She added: "Leopard coats and trimmings are also used for traditional dances and festivals, and are sold quite openly in Tibet".
Since 1994, India has lost at least 3,189 leopards," according to an estimate by WPSI, a non-government organisation.
Leopard, a member of the Felidae family and the smallest of the four "big cats" in the genus Panthera.
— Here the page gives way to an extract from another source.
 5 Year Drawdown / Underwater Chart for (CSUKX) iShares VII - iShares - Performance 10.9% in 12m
The other three are namely the tiger, lion and jaguar.
WPSI estimates that there are between 7,000 to 10,000 leopards in India, and these endangerd species are protected under Schedule-I of the Wildlife Protection Act, 1972.
The Central Bureau of Investigations' wildlife crime cell has estimated that for every tiger skin, there are at least seven leopard skins in the haul.
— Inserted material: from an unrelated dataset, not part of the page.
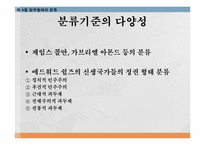 [정치학개론] 헌법과 정부형태-15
In 2004, a seizure in Tibet of 31 tiger skins yielded 581 leopard skins.
Apart from shrinking forests, Wright said that adaptive migration nature of the predatory felines is bringing them towards human habitats resulting in severe man-animal conflict.
For instance, a total of 74 straying leopards were caged from the revenue area surrounding Gir in Gujarat in 2007.
However, many are not lucky enough to survive, given that the conflict has assumed alarming proportion so much so that angry villagers bay for their blood.
Given that as many as 62 people were killed by cats between 1990-2001 in Pauri-Garwal itself speaks of the tragic fate that awaits to this shy and solitary animal.